Les Belges dans les starting-blocks pour la Gamescom
Cette édition annuelle de la Big Brotaru est placée sous le signe de la Gamescom, le plus grand salon européen du jeu vidéo qui se tiendra du 24 au 28 août à Cologne. La FLEGA, une association flamande de soutien aux développeurs a notamment dispensé des conseils pour s’y préparer au cours d’une conférence dans l’après-midi.
Selon l’avancement de leur développement, tous les créateurs ne viennent pas faire la même chose au salon colonais. Fabrice Daniel en est au stade de la prise de contact avec les éditeurs pour ses deux projets : un jeu coopératif PC, et « un jeu d’aventure en 3D en monde ouvert sur Switch, avec un twist ». Ça promet ! « On a déjà en tête des éditeurs avec qui on a envie de travailler. La question est la suivante : est-ce qu’eux ont-ils envie de travailler avec nous ! »

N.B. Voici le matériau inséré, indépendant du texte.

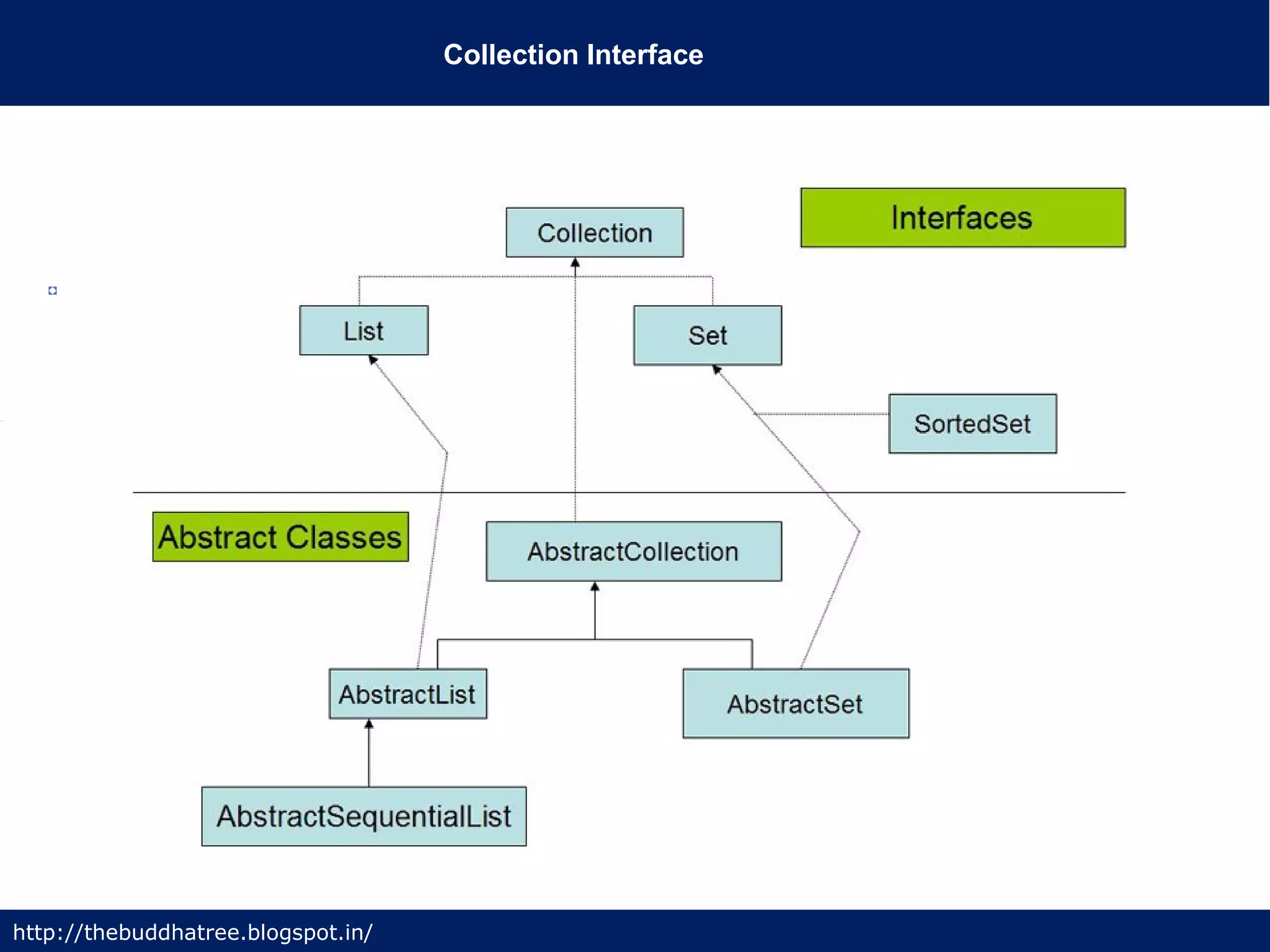 Collection Interface
http://thebuddhatree.blogspot.in/
 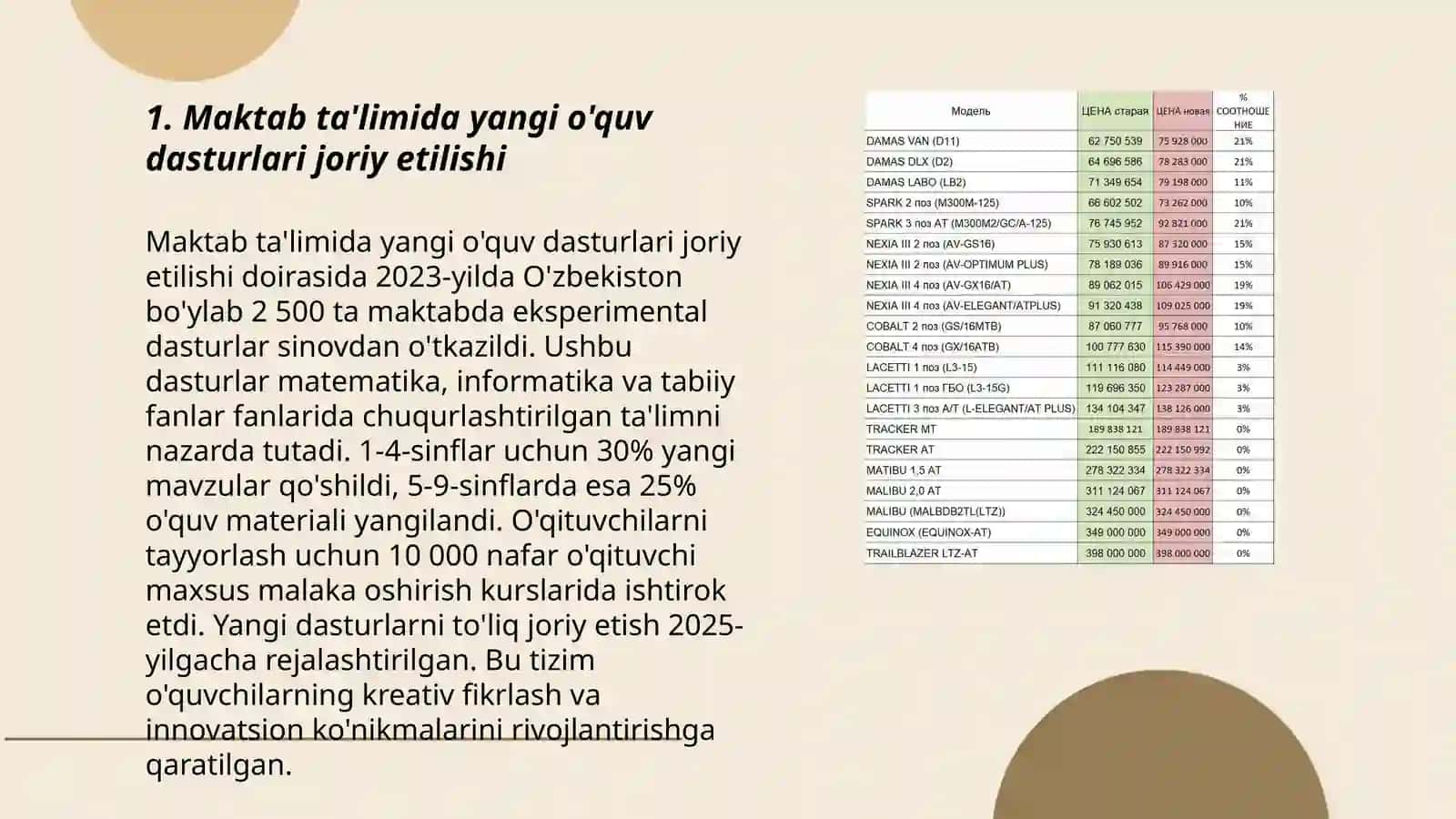 Maktab ta'limida yangi o'quv dasturlari joriy etilishi 3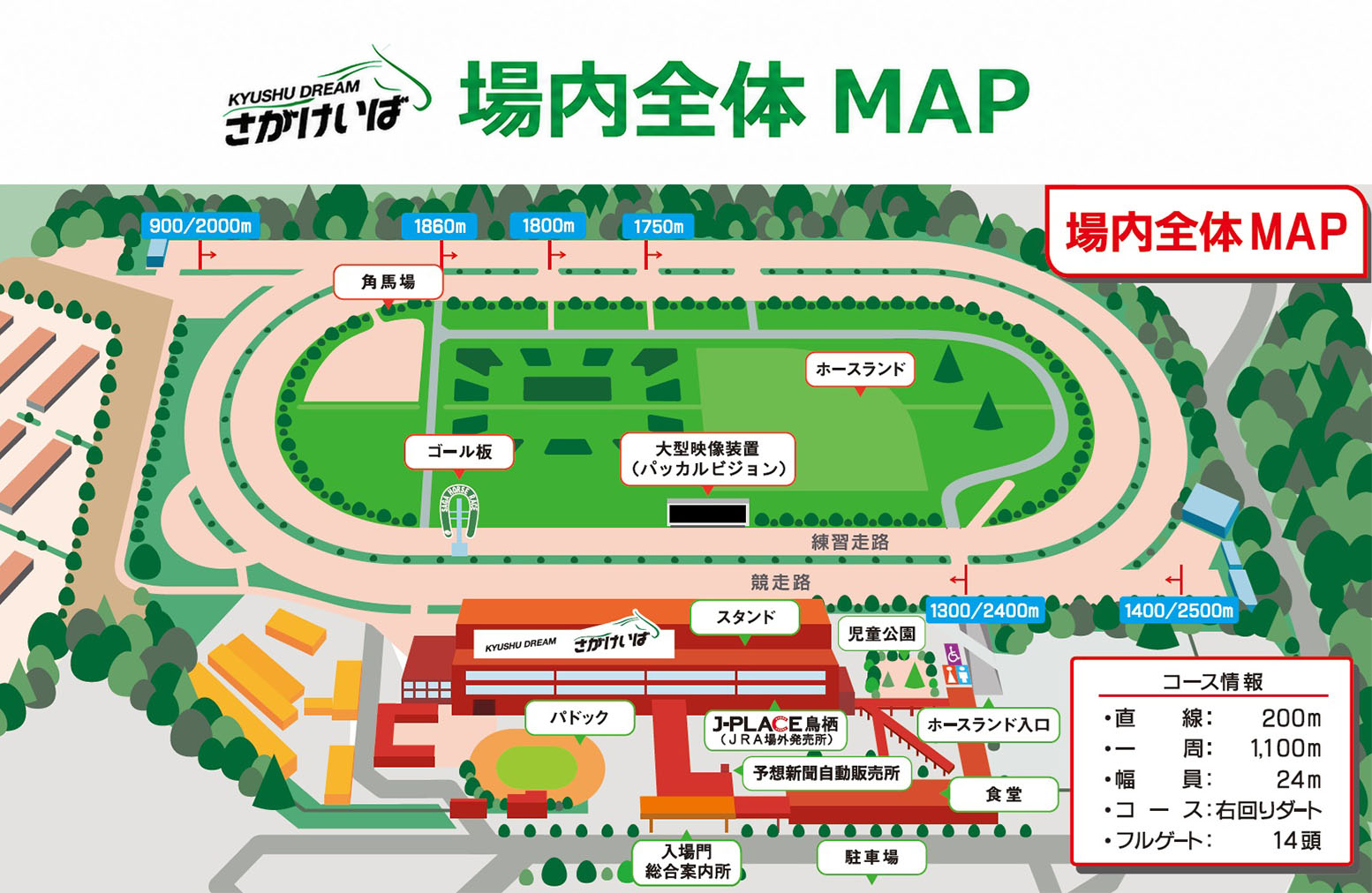 さがけいば 場内全体MAP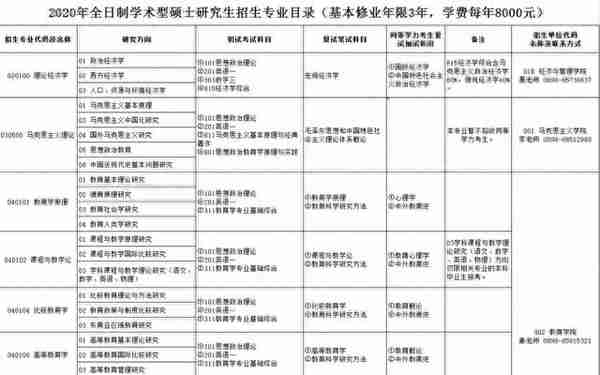 重磅：这10所院校公布招生信息，调整较大！建议你别忘了看细节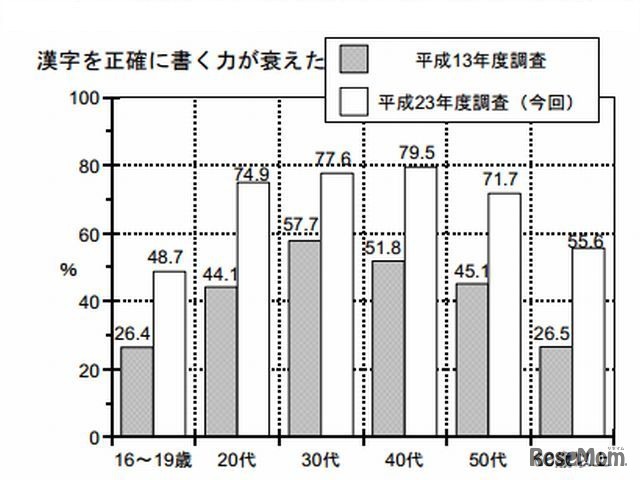 漢字を正確に書く力が衰えた（年齢別・過去の調査との比較）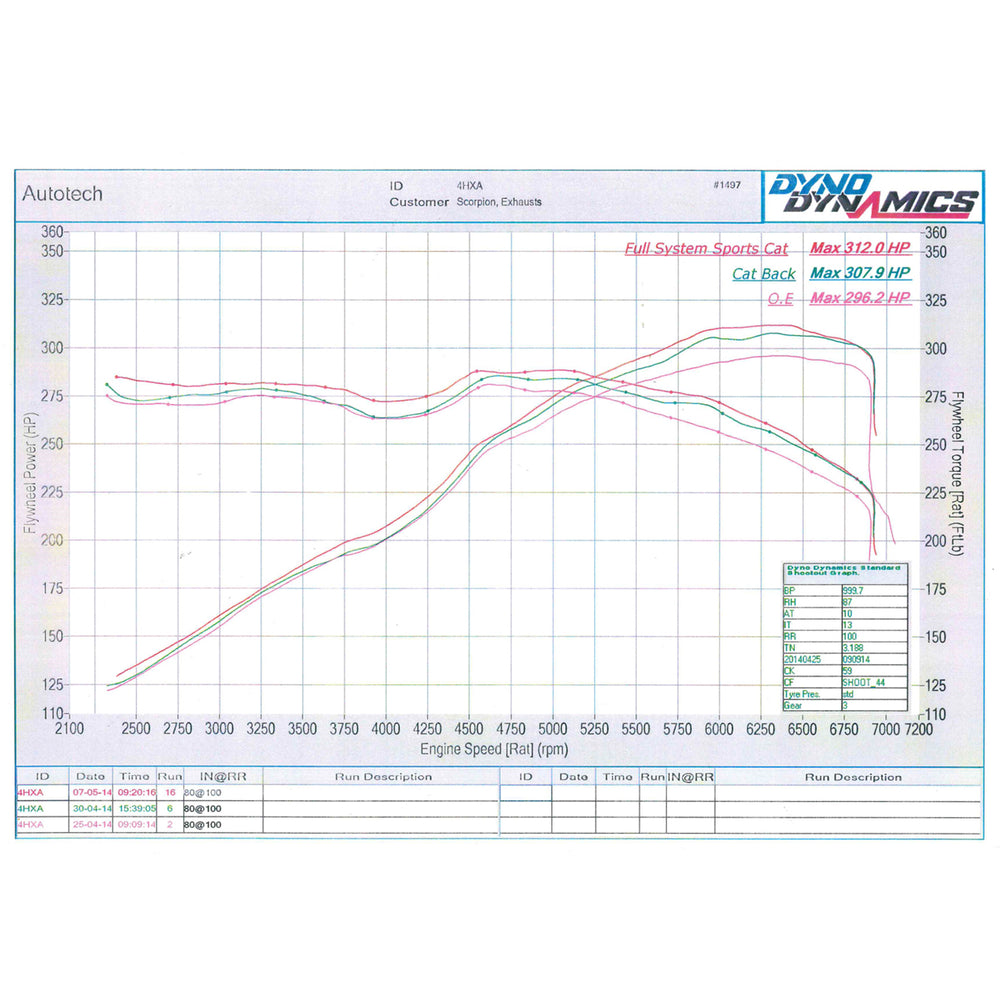 Scorpion Exhaust Cat-Back (Resonated) Quad Daytona BLK - Volkswagen Golf MK7 R 2014 - 2016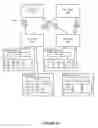 Fig. 15 - System and method for efficient virtualization in lossless interconnection networks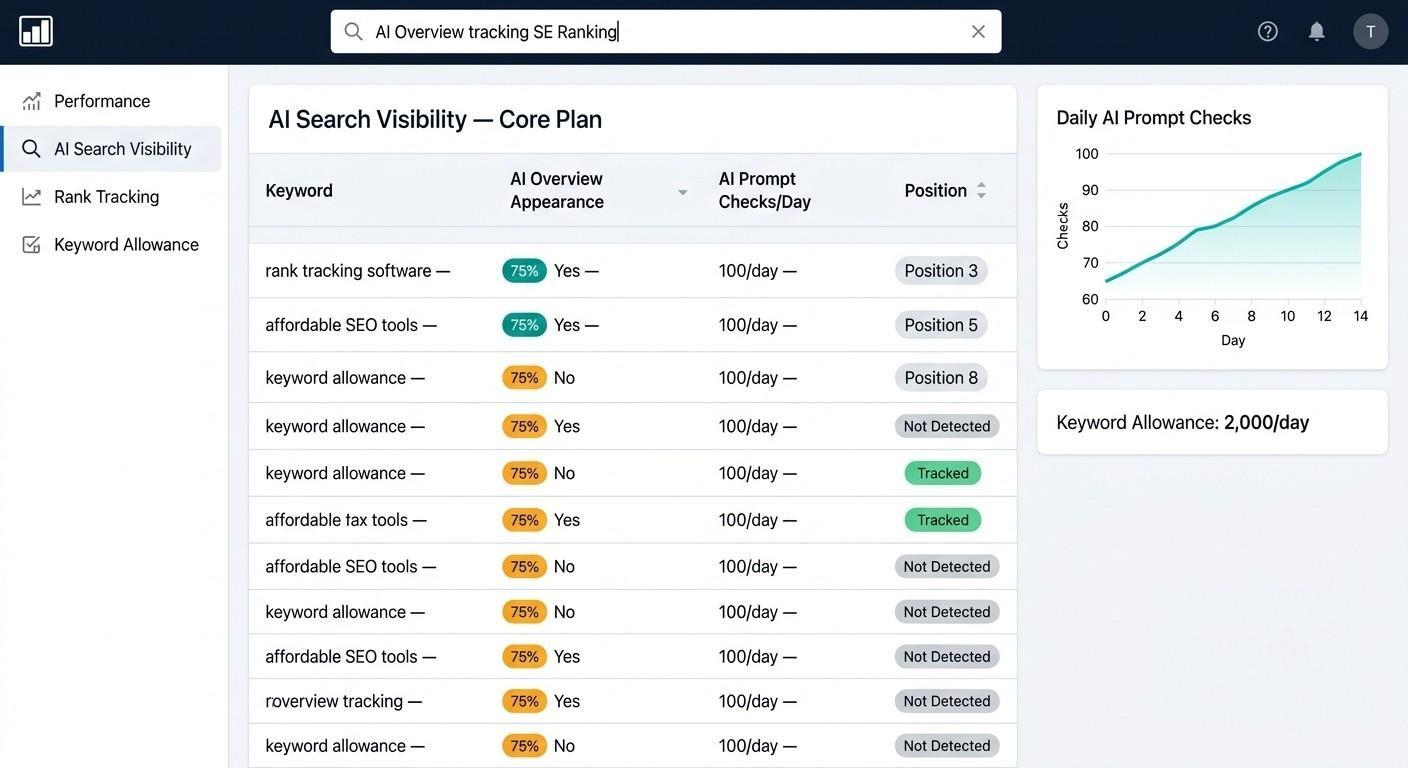 SE Ranking AI Overview tracking dashboard showing keyword allowance and AI Search visibility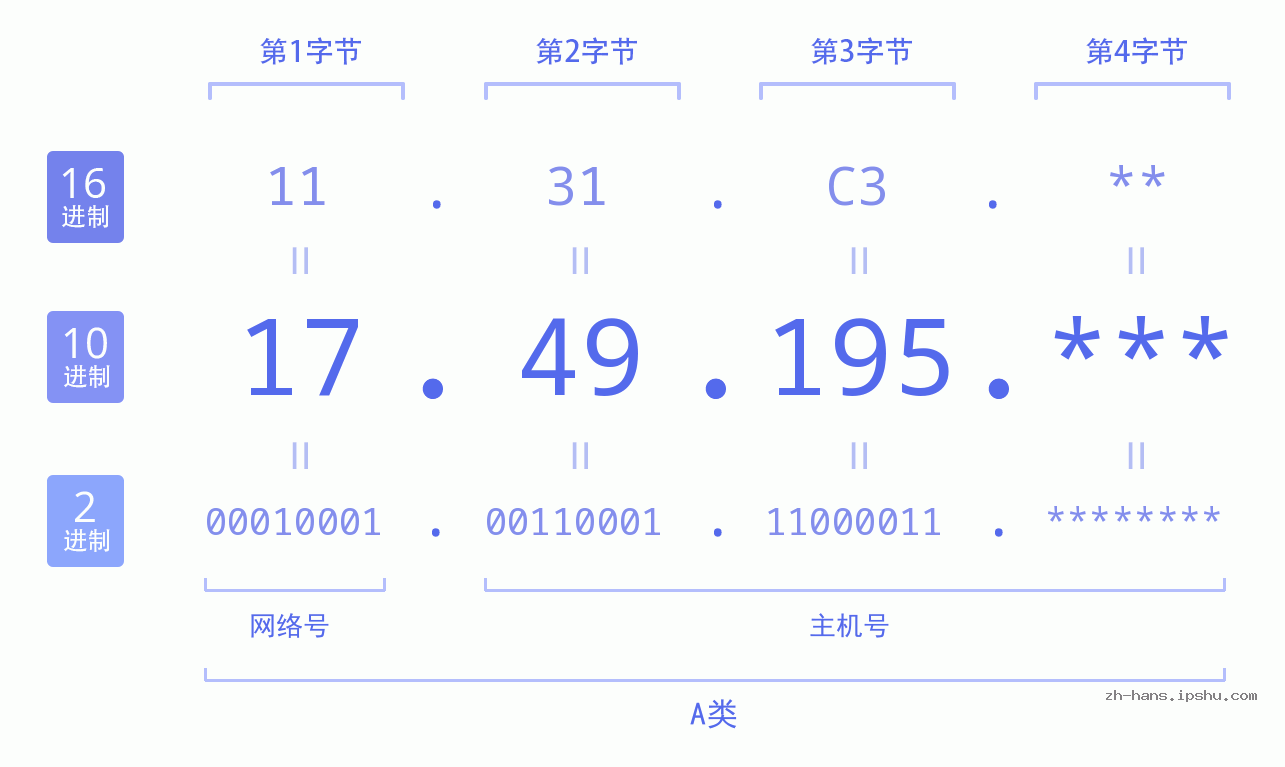 IP地址:17.49.195 数据结构图 二进制 十进制 十六进制 IPv4: 17.49.195 网络类型 网络号 主机号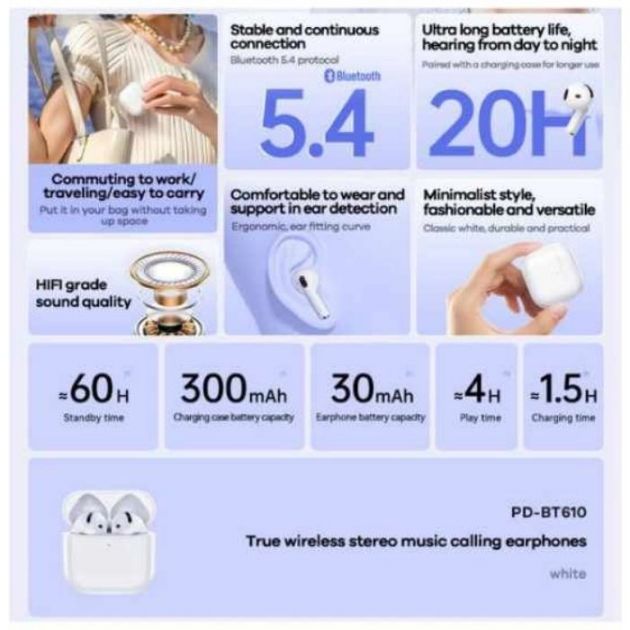 Ασύρματα Ακουστικά Bluetooth με Θήκη Φόρτισης & Αυτονομία Μπαταρίας έως 20 Ώρες - Remax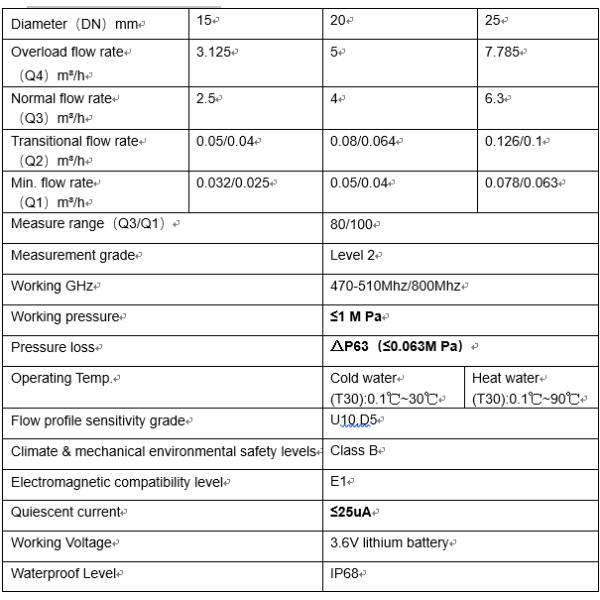 NBIOT Customizable NB-IOT Water Meter with Brass Valve Control Horizontal Installation IP68 Protection Class OEM Support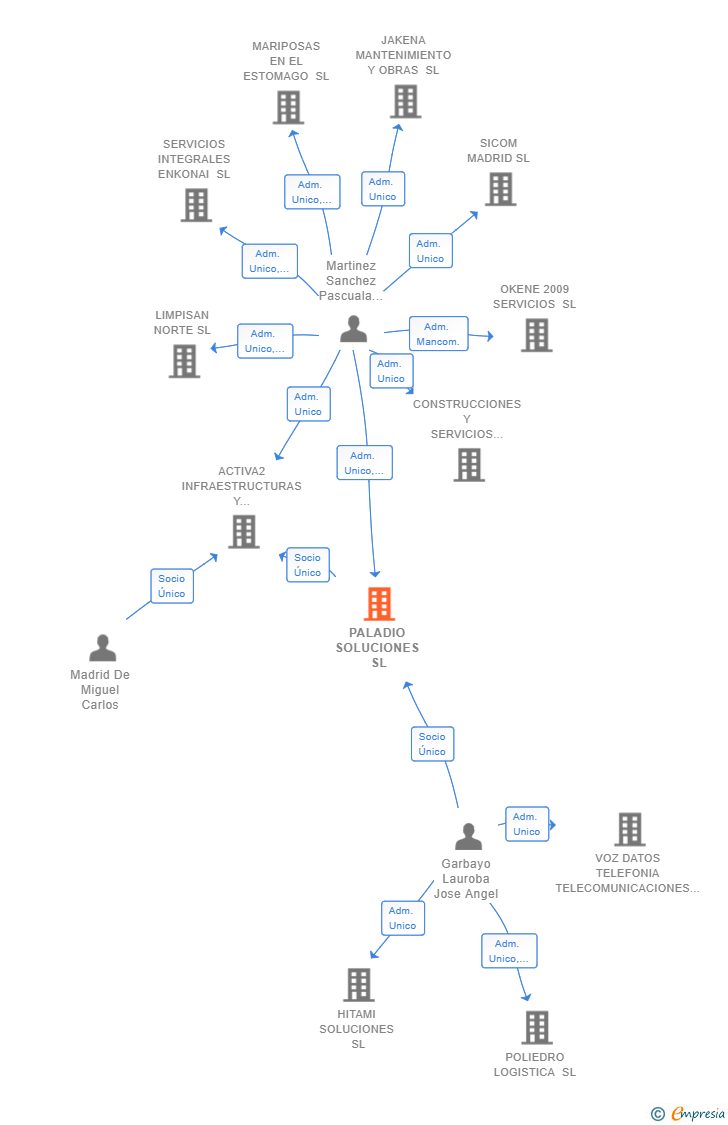 Vinculaciones societarias de PALADIO SOLUCIONES SL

D’autres vont présenter leurs jeux dans la partie publique de la Gamescom. Et ça tombe bien, car la Big Brotaru se veut une sorte de répétition générale pour pitcher son projet. Notamment avec une présentation sur scène, où chaque créateur peut montrer cinq minutes de pur gameplay. On y voit un roguelike dans un univers western (Bounty of One), un RPG dark aux graphismes pastel (oui, c’est possible et ça s’appelle Necro Story), un runner/shooter où il faut taper des mots au clavier pour tirer, un jeu de réflexion à base de cordes d’instruments en réalité virtuelle (Virtuose)… Et un jeu à l’humour complètement barré façon Rick & Morty, Space Control VR, où des extraterrestres rigolos se font malmener par le joueur, installé en VR dans un guichet de fonctionnaire à la Papers, Please !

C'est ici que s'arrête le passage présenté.